Shortly after Francesca's three children were born, a flood brought disease and famine to Rome. In response to the desperation of the city, Francesca and Vannezza went out together and distributed corn, wine, oil and clothing to the poor.
When Francesca's father-in-law attempted to stop them by selling all of their extra supplies, the two women went out to beg instead in order to give to the poor. Francesca even combed through the straw in their loft to find extra kernels of corn. After she left, her husband arrived and found the previously empty granary completely full.
When war broke out in Rome in the late 1300s, Francesca's husband Lorenzo was seriously wounded, their house destroyed and their eldest son kidnapped. Her two younger children died shortly after with the outbreak of the plague.
However, instead of despairing, Francesca turned their ruined house into a makeshift hospital and a shelter for the homeless.
In return for taking the lives of her children, God gave Francesca the special grace of being able to see her guardian angel, who served as her companion and spiritual guide.
Eventually both Lorenzo and their eldest son had returned home. Once she nursed her husband back to health and with his blessing, Frances founded a lay order of women called the Oblates of Mary, who share the Benedictine spirituality.
Although the women still lived in the world, they pledged themselves to God and to the service of the poor.
When Lorenzo died, Francesca went to live in a house for the widowed members of the community. She served as superior for four years until her death in 1440.

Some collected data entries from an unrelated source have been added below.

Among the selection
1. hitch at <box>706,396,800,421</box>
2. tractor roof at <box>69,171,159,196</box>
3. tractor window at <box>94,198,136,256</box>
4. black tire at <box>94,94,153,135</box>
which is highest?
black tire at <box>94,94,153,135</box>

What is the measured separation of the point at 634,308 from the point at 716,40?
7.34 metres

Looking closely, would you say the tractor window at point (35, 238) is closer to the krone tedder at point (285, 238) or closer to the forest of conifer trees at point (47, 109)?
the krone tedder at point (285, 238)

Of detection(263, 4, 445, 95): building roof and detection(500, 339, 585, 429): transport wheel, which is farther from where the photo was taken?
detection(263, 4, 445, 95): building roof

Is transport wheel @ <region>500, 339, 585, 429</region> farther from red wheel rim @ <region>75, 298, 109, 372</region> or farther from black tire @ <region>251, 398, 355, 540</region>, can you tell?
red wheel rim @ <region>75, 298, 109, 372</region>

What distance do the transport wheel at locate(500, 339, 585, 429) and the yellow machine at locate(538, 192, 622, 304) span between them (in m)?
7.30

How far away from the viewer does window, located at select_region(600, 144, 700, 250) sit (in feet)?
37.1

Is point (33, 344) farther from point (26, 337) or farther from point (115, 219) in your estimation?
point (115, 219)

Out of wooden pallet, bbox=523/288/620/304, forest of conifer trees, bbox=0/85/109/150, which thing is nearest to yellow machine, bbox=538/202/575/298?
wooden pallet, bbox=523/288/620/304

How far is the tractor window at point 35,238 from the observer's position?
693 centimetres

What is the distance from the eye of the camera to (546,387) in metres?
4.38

Fr. Muti said Francesca is widely considered "the saint of mercy" in Rome, because "she practiced all of the spiritual and corporal works of mercy."
The priest noted that while there are many saints buried in Rome, not many of them are locals. Because of this she is considered "the saint of the city," and devotion to her is so strong that even today many young girls are named after her.
Each year thousands of pilgrims and locals leave letters, cards and photos at her tomb in the Basilica of Forno, which consists of a glass case containing her skeleton, with a veil on her head.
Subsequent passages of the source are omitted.